Well, check and check. Chef-owner Pascal Oudin’s 2-month-old Brasserie is a more casual, more affordable version of his longstanding Pascal’s on Ponce, also in Coral Gables. And it serves lots and lots of skinny fries, which alternate between being hot, crispy and salty and cool, limp and bland.
Inconsistent dishes draped a wet blanket over my experiences at Brasserie Central, and while table service improved with each visit, the restaurant’s floor staff displayed amateurish behavior too often to be taken seriously in this upscale mall environment. One night, a hostess indiscriminately spritzed a cloud of Windex toward my dining mate’s head; on another, a manager made a scene by ordering a tourist to stop snapping pictures of the restaurant’s open kitchen.
That kitchen has the ability to strike comfort-food gold. I found it in country-style dishes like Brasserie’s escargots — meaty and nearly floating in individual puddles of garlic-parsley butter — and a proper onion soup with three islands of baguette rounds under melted Gruyère.
Boudin blanc is a sleeper hit: a light-as-air veal sausage with truffles, served in a cast-iron pot with simmered golden apples. It’s heady and sweet and savory and the farthest thing from inconsistent; I’ve ordered it multiple times, and it’s always the highlight.

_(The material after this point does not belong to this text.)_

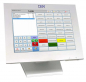 12 Zoll TSE Konform Kassensystem Einzelhandel Friseur Textil Kiosk Imbiss Inkl. Software Windows 10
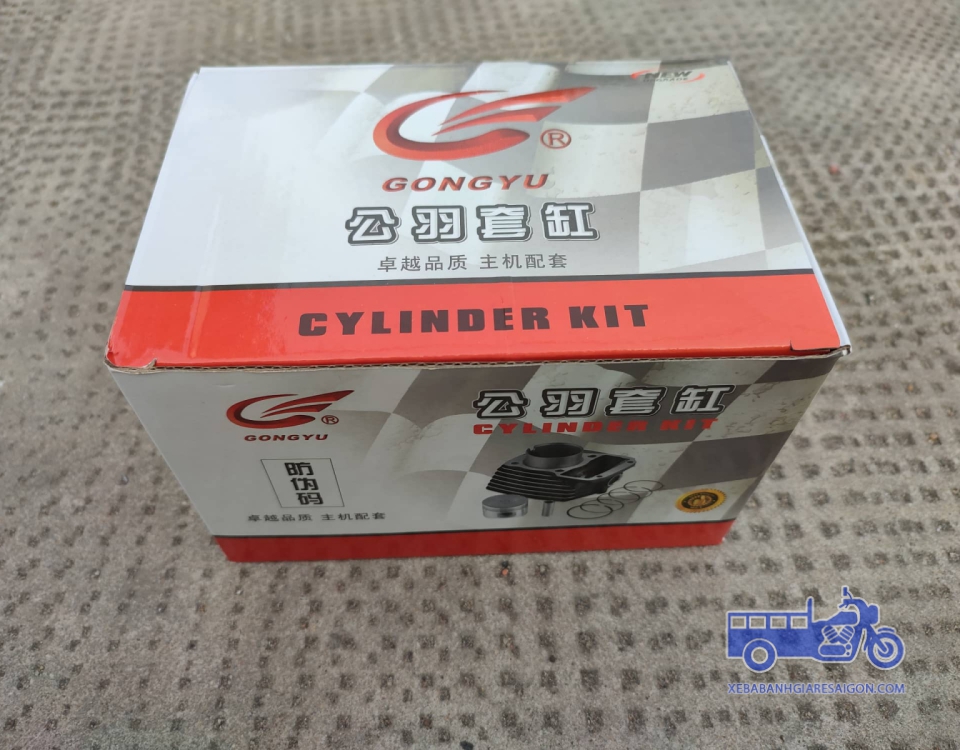 NÒNG BÍT TÔNG BẠC 200cc LOCIN THÁI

I can’t say the same for a ceramic bowl of brandade. The whipped mix of salt cod and olive oil wasn’t fully emulsified, leaving odd chunks of fish among smooth areas. Steamed mussels — a brasserie classic — showed neither steam nor flavor when they hit our table, just grit and more than a few unopened shells. A thin-sliced pâté of pork and chicken liver would have greatly benefited from the cornichons and Dijon mustard promised on the menu.
While yawn-worthy sides like green beans, glazed carrots and a lettuce salad are available, some dishes come with extras like cafeteria-quality mashed potatoes (lumps, brown gravy and all) and buttered macaroni. These are plated in a corner of big serving dishes, dwarfing their accompanying entrées and taking up all of your table’s prime real estate.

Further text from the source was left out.